Sharing secrets: how and why governments and third-party stakeholders disclose intelligence

Why do governments choose to disclose intelligence and what factors shape how they do so? And what roles and influence do non-state third-parties have in disclosure decision-making and practices?

Duration
2024 - 2028
Contact
Thomas Maguire
Funding
FGGA Starter Grants

Secrecy is vital to any national intelligence community. And intelligence is generally collected and assessed for internal government customers. Why, then, do governments choose to disclose intelligence and what factors shape how they do so? And what roles and influence do non-state third-parties have in disclosure decision-making and practices? These are the questions that lie at the heart of this study of intelligence disclosure in the Netherlands and the United Kingdom (UK).

These questions have gained increasing scholarly and societal attention due to the public stance several NATO member governments have taken to communicating intelligence about Russia’s invasion of Ukraine. But these questions concern practices that pre-date this invasion and have implications far beyond it. These practices impact the work of state intelligence and cyber security institutions. They inform how senior elected representatives communicate knowledge and policy to the public and, behind closed doors, to allies and partners. And they shape - and are potentially shaped by - how third-party stakeholders such as journalists, open-source intelligence organisations, and cyber threat intelligence companies both engage with and communicate government secrets and disclose their own independently sourced information. Through such disclosures, therefore, intelligence is inherently tied to the influencing of external opinions and actions.
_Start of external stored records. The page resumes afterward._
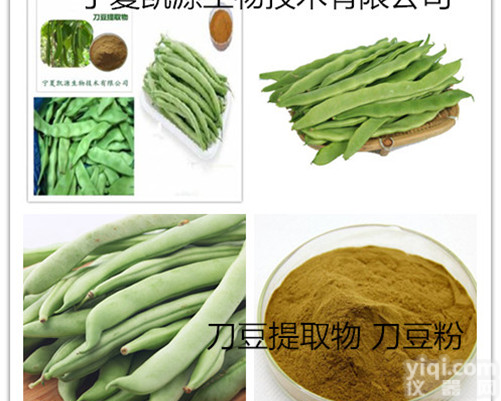 刀豆粉 速溶粉 <em>浓缩粉</em> 刀豆<em>提取物</em>10:1宁夏凯源厂家直销 现货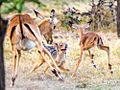 Black-backed jackal hunting an impala calf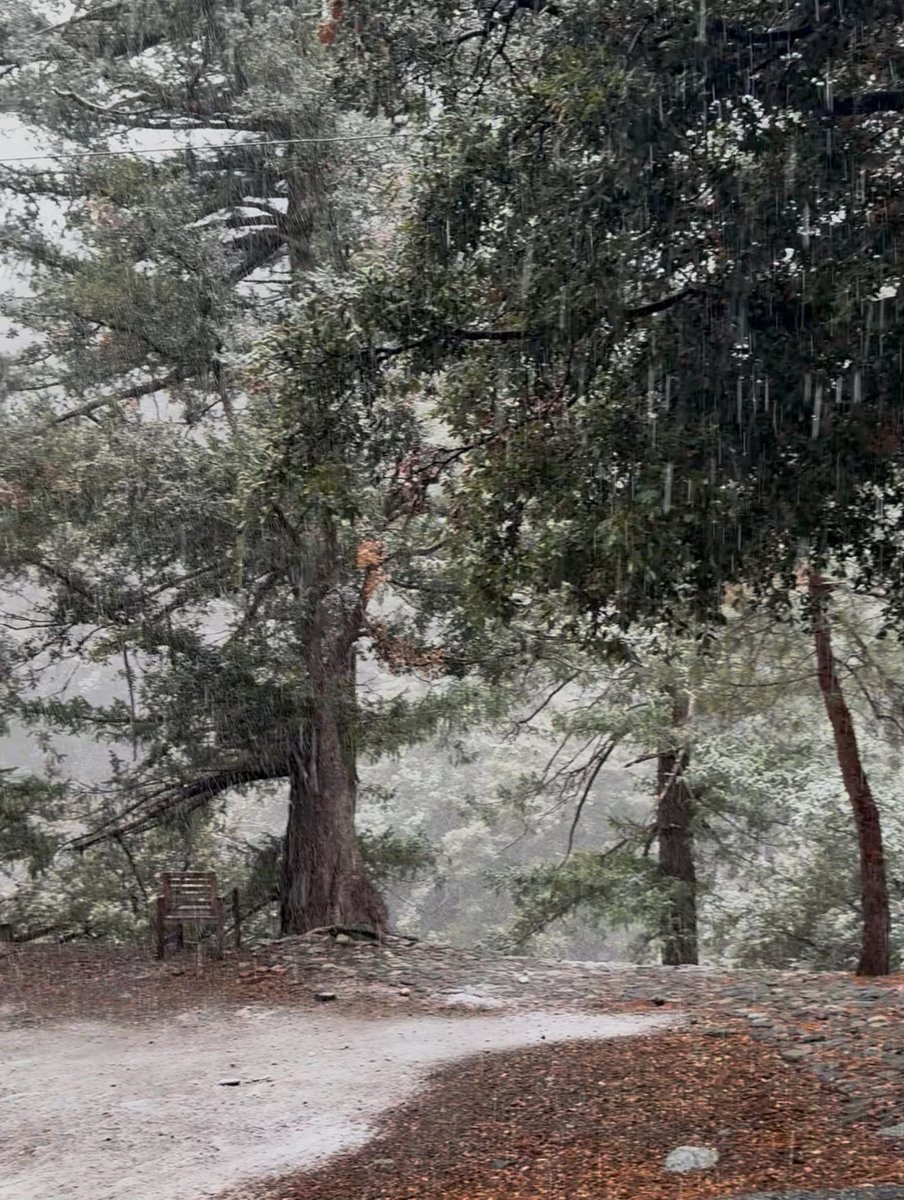mtbaldymom's tweet photo. Mt. Baldy has been kissed by #snow at 6200 feet #mtbaldy #snowinthe909 https://t.co/AfdcSLEQtY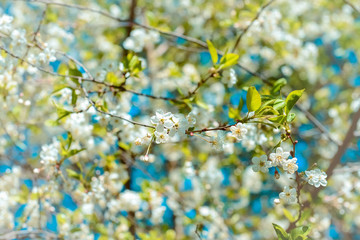 cherry blossoms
Given these practices cut across institutions, societal stakeholders, and scholarly disciplines, the inter-disciplinary approach of this project is vital. The comparative case study approach will produce empirically rich findings on two countries whose governments have engaged in intelligence disclosure to different degrees and in different ways. Moreover, this project will act as pilot research for a more ambitious multi-national grant-funded study of the project’s core themes.